There is also a request, informal at this point, from the county that the family provide a letter from the OCWD stating that it has permission to use the District’s access road to the leased land, which sits on land owned by the Army Corps of Engineers.
The Corps granted an easement to the District but it doesn’t mention the shooting gallery, a “minor technicality”, according to Raahauge consultant Larry Buxton, who worked for OCWD and the Raahauge business when the original deal was struck 43 years ago.

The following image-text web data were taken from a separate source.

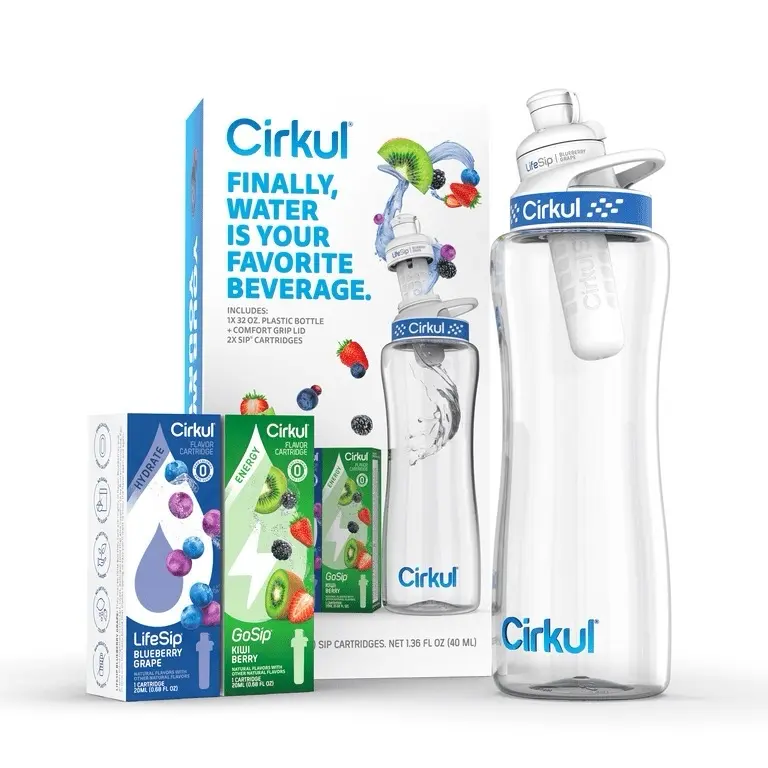 Cirkul 32oz Plastic Starter Kit with Navy Blue Lid, 2 Flavor Cartridges (Blueberry Grape & Kiwi Berry) Low Sugar Low Sugar Sugar Free Sugar Free Beverage Flavored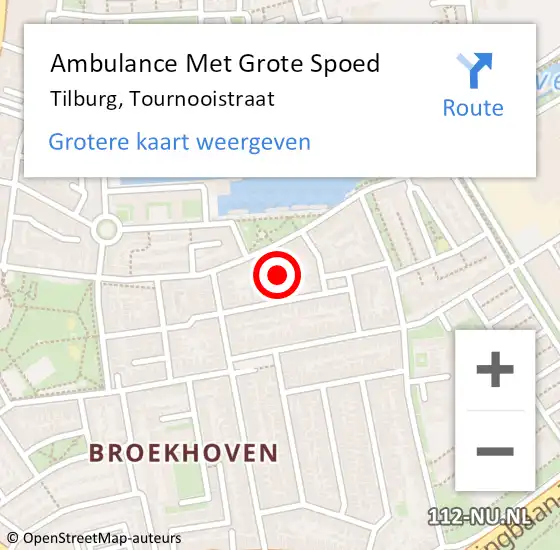 Locatie op kaart van de 112 melding: Ambulance Met Grote Spoed Naar Tilburg, Tournooistraat op 25 oktober 2016 13:14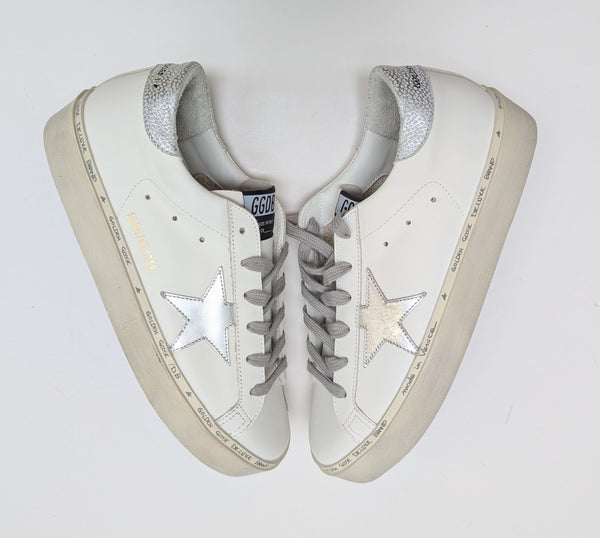 Golden Goose Hi Star Sneakers in White Leather with Silver Detail New in Box Trainers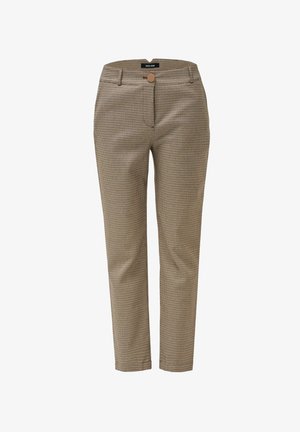 Brown and beige small houndstooth patterned tailored pants with a button closure and belt loops, straight-leg fit.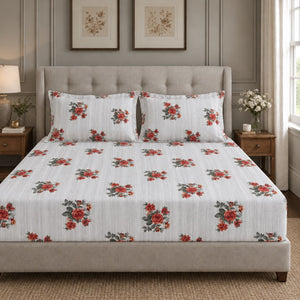 Rosamund Coral Bouquet 250TC Cotton Percale Super King Bed Sheet - Home Artisan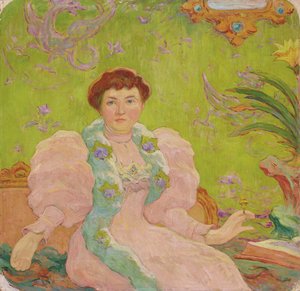 fiatal nő rózsaszín ruhában; Jeune femme a la robe rose, 1893 körül (olaj, vászon)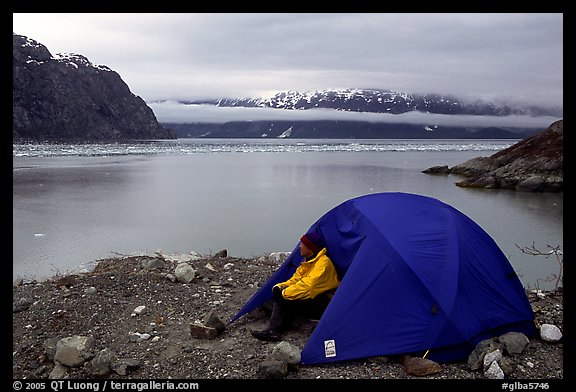 Camp on an outcrop overlooking the East Arm. Glacier Bay National Park, Alaska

Punting especially hard for the shooting gallery at a recent OCWD Property Management Committee meeting were committee chairman Stephen Sheldon and fellow committee member Denis Bilodeau, who, along with staff, put much effort and thought into directing staff to go full speed ahead negotiating the deal to the Raahauges’ specifications, with minor modifications, despite the minor technicality.
But, with the cooperation of committee members Harry Sidhu and alternate Cathy Green, Sheldon and Bilodeau also ran right over a strong request, relayed by staff, from absent member Jan Flory to open the lease up for Requests for Proposals (RFPs).
Flory also requested a complete history, to be made public, of the business relationship between OCWD and the Raahauge family, going all the way back when.
Oddly, Sheldon quickly asked to clarify if that history was to include the original owner, Linc Raahauge’s, grandson, Patrick.
The answer from staff seemed to be no.
That issue having been clarified, Bilodeau waxed on about how wonderful the Raahauge business has been for the OCWD and how and RFP would be a “disaster” and the District should continue the business relationship.
“This is a very unique operation,” Bilodeau said. “You’re dealing with firearms and obviously we want highly qualified people there that would operate this kind of an operation. The Raahauge family has, I consider, a stellar track record in terms of the safety of their patrons and indemnifying the District. Quite frankly, I wouldn’t feel comfortable with anybody else being there.”
What Bilodeau didn’t mention, and what Sheldon had earlier side stepped by the committee, was that Patrick Raahauge, Linc’s grandson and a twice convicted felon, had been arrested at the shooting range in August 2013 “on suspicion of possessing firearms and ammunition at the family range,” according to a report in the Orange County Register. He had been working at the range, in violation of the terms of his probation, according to the Department of Justice.
Another important fact left out of the discussion is that the Raahauge family and some of its employees have given thousands of dollars in campaign contributions to Bilodeau ($2,000), Sheldon ($3,500) and OCWD board president Shawn Dewane, who as president presides over all committees ($4,000).